_To do_.
From the first line of the data below, copy each line up to the one containing "Sortija Chaumet Le", and include that line too.

--- Data records Enclosed Below ---

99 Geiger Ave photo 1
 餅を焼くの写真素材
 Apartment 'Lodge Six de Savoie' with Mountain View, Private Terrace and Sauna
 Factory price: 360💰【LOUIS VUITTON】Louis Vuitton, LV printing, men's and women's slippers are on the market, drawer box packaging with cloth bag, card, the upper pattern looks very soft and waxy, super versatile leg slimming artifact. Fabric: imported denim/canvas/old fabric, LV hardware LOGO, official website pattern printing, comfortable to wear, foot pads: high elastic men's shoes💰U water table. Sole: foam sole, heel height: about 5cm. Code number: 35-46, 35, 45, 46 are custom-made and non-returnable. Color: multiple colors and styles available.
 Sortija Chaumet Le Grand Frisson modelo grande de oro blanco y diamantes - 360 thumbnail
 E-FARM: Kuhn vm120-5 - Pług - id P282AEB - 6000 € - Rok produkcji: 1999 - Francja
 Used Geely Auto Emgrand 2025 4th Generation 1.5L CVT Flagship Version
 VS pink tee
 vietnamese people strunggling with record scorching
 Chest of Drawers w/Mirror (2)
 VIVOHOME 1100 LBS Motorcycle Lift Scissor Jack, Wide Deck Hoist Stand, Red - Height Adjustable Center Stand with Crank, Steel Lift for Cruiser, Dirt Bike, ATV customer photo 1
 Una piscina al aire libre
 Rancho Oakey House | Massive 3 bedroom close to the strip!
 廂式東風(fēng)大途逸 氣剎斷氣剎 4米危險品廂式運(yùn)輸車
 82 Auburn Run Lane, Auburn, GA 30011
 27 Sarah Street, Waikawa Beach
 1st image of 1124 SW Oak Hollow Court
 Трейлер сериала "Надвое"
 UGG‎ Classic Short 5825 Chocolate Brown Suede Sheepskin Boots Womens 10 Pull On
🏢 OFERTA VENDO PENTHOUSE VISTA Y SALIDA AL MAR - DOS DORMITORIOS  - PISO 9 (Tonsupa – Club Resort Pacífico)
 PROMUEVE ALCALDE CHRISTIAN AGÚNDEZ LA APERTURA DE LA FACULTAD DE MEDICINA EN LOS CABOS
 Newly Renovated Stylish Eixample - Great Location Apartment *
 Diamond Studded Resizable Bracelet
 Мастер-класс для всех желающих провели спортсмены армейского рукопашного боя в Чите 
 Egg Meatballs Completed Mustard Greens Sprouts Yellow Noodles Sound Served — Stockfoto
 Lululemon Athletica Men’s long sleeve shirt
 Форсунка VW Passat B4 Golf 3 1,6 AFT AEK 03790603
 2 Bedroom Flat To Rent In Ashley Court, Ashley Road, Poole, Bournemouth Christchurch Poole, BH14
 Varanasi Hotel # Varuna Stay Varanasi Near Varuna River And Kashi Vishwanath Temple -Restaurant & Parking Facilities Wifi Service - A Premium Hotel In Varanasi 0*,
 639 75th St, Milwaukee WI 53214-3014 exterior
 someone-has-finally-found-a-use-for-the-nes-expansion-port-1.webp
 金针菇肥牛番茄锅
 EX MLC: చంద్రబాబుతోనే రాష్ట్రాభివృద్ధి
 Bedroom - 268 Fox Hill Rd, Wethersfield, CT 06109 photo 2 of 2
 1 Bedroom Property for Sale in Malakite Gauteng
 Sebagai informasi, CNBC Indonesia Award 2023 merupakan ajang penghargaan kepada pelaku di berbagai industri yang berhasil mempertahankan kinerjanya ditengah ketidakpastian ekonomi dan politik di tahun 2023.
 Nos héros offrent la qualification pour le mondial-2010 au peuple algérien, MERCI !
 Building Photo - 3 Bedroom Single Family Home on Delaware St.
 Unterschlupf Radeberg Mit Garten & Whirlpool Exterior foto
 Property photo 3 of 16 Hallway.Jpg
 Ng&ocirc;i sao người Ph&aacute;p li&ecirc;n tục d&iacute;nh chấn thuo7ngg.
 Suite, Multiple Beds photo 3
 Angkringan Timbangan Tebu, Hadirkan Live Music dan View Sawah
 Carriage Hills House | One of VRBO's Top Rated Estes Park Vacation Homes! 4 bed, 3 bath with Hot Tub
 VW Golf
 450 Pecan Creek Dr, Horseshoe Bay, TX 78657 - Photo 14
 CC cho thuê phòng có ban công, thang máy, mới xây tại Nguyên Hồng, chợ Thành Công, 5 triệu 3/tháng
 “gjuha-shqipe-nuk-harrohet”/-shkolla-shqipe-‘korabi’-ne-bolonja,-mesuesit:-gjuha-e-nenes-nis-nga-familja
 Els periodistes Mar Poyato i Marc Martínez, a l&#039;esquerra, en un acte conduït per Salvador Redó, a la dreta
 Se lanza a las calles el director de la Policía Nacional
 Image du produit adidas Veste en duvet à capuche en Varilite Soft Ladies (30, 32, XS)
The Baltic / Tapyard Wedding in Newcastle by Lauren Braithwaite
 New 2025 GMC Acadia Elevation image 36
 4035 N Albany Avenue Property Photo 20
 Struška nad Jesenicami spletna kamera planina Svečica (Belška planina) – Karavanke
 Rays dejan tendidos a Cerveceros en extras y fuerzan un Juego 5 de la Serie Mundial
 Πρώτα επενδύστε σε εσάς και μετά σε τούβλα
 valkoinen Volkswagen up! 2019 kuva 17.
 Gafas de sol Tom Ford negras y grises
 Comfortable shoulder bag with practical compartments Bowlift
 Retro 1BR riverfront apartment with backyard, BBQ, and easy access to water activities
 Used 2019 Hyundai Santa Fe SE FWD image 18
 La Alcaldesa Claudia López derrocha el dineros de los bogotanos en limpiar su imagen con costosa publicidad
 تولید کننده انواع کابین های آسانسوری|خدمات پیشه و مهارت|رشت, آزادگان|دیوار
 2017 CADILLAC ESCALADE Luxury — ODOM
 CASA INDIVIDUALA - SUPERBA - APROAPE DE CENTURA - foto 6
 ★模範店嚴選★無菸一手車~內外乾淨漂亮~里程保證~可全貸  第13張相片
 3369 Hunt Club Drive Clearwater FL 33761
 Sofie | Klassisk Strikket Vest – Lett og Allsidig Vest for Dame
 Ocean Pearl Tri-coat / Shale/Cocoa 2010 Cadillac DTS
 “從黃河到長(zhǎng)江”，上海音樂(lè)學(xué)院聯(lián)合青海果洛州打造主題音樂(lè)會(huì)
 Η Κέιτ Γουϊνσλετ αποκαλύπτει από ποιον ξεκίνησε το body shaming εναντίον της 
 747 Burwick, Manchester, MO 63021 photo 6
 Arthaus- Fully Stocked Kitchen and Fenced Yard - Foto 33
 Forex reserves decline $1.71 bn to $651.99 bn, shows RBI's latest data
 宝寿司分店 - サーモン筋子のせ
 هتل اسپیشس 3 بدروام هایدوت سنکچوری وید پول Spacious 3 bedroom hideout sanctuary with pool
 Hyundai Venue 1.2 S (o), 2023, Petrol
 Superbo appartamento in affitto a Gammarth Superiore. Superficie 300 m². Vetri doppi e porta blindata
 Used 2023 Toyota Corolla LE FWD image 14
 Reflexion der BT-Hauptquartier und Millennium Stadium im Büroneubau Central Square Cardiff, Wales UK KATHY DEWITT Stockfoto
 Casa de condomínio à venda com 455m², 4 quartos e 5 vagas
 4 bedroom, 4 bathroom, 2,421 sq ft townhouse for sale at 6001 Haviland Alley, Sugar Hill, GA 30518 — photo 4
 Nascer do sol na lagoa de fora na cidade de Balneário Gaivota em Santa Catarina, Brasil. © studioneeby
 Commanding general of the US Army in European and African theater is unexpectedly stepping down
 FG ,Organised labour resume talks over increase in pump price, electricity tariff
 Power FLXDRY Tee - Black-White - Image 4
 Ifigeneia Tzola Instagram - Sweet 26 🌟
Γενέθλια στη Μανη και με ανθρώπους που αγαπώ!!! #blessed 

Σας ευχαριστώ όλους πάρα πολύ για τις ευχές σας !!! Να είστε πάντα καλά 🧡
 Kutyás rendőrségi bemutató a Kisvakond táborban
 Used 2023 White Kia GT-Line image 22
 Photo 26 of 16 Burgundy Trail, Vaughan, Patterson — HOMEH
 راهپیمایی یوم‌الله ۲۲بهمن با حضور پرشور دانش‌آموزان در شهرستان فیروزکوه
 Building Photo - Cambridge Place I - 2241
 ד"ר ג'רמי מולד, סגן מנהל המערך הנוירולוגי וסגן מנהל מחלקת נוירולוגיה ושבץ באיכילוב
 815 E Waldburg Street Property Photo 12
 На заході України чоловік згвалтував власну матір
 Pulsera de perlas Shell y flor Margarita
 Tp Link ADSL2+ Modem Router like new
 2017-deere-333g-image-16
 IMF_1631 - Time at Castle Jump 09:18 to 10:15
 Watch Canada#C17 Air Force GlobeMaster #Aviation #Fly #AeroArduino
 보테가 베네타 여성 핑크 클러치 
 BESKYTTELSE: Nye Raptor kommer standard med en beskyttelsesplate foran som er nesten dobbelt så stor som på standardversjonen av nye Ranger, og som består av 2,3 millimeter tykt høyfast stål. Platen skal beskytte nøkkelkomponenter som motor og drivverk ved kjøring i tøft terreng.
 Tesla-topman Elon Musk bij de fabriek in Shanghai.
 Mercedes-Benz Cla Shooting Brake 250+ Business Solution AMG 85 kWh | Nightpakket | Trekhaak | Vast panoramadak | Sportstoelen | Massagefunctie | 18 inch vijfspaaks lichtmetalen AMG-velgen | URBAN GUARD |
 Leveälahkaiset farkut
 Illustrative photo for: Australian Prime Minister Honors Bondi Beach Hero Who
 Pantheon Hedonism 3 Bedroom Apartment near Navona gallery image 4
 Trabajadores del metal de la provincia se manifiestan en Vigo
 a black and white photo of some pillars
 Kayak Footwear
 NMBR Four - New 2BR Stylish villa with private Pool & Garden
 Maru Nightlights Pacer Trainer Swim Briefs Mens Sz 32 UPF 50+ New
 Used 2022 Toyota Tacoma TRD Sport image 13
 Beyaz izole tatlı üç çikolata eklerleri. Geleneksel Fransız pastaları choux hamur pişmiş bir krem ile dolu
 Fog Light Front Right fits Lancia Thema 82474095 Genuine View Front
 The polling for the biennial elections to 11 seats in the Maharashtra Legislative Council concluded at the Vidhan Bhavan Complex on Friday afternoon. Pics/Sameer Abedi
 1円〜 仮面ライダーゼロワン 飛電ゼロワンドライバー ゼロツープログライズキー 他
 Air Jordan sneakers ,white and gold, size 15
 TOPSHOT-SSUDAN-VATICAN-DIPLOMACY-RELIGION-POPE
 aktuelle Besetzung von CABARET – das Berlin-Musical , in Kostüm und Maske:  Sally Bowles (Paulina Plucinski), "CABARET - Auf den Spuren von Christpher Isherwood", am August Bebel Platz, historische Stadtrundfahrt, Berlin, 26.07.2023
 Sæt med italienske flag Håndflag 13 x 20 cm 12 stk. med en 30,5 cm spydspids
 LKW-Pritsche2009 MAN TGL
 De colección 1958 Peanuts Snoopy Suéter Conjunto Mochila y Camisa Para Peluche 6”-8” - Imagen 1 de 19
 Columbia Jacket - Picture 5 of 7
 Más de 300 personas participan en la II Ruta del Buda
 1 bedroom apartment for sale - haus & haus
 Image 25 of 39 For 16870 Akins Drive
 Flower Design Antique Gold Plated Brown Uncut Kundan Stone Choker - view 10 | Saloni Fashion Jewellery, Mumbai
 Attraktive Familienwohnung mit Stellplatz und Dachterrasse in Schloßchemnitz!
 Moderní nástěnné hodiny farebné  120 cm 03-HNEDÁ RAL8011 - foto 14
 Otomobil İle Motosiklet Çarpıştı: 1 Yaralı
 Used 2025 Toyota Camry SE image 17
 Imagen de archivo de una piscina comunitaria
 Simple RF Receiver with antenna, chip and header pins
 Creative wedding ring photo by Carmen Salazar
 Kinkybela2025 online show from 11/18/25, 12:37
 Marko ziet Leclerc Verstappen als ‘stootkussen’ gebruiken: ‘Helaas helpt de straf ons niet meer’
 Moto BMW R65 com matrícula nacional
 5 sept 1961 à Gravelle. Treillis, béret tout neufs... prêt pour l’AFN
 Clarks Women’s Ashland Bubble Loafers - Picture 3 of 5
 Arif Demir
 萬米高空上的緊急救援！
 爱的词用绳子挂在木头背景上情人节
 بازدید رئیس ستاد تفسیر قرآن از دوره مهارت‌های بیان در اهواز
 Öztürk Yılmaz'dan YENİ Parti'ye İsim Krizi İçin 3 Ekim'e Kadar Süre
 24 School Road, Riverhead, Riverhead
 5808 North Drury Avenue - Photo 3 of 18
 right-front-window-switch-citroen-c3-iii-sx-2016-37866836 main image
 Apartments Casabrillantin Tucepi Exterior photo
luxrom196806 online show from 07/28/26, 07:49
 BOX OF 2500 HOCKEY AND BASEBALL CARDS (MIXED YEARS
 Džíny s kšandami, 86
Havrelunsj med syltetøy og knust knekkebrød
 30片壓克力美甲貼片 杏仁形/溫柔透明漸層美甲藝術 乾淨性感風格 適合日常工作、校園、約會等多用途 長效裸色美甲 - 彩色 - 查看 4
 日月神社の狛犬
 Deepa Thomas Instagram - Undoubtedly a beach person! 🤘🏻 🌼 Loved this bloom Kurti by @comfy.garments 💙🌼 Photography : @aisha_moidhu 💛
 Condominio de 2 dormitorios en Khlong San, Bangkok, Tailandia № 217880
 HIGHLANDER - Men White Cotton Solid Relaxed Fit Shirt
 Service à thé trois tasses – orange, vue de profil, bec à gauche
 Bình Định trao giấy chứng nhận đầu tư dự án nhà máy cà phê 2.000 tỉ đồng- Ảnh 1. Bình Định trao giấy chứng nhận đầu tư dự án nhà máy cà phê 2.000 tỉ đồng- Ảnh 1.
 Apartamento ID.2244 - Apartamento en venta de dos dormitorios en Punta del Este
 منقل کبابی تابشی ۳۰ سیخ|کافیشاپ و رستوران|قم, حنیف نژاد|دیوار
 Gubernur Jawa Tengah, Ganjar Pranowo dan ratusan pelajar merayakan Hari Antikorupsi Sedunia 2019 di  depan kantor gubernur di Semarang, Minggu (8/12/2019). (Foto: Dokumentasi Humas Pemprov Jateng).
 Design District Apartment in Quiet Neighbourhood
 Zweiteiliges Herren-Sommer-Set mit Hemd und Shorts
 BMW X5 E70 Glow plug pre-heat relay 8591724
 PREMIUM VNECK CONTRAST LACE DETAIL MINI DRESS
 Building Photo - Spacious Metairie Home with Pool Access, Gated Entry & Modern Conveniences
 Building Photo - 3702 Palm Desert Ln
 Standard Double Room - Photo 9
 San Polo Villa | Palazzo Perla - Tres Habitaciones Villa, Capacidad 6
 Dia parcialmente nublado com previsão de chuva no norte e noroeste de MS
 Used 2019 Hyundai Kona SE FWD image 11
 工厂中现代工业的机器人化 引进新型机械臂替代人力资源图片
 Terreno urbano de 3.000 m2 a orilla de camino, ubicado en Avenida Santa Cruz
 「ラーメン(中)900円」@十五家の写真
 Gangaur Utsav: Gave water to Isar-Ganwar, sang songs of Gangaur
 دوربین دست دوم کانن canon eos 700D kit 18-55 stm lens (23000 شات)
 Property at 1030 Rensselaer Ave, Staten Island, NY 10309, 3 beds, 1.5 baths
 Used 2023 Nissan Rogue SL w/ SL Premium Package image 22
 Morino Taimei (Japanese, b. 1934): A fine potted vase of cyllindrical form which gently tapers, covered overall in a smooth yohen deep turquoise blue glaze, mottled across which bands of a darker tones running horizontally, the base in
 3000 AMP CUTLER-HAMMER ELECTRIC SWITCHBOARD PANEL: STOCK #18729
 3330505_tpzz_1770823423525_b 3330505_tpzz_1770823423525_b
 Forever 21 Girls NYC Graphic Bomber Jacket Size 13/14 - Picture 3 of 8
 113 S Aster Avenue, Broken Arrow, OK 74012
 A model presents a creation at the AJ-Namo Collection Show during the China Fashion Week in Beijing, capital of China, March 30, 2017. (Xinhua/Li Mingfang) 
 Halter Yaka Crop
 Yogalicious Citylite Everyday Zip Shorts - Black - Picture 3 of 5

--- End of Enclosed Data records ---

_Written response_.
99 Geiger Ave photo 1
 餅を焼くの写真素材
 Apartment 'Lodge Six de Savoie' with Mountain View, Private Terrace and Sauna
 Factory price: 360💰【LOUIS VUITTON】Louis Vuitton, LV printing, men's and women's slippers are on the market, drawer box packaging with cloth bag, card, the upper pattern looks very soft and waxy, super versatile leg slimming artifact. Fabric: imported denim/canvas/old fabric, LV hardware LOGO, official website pattern printing, comfortable to wear, foot pads: high elastic men's shoes💰U water table. Sole: foam sole, heel height: about 5cm. Code number: 35-46, 35, 45, 46 are custom-made and non-returnable. Color: multiple colors and styles available.
 Sortija Chaumet Le Grand Frisson modelo grande de oro blanco y diamantes - 360 thumbnail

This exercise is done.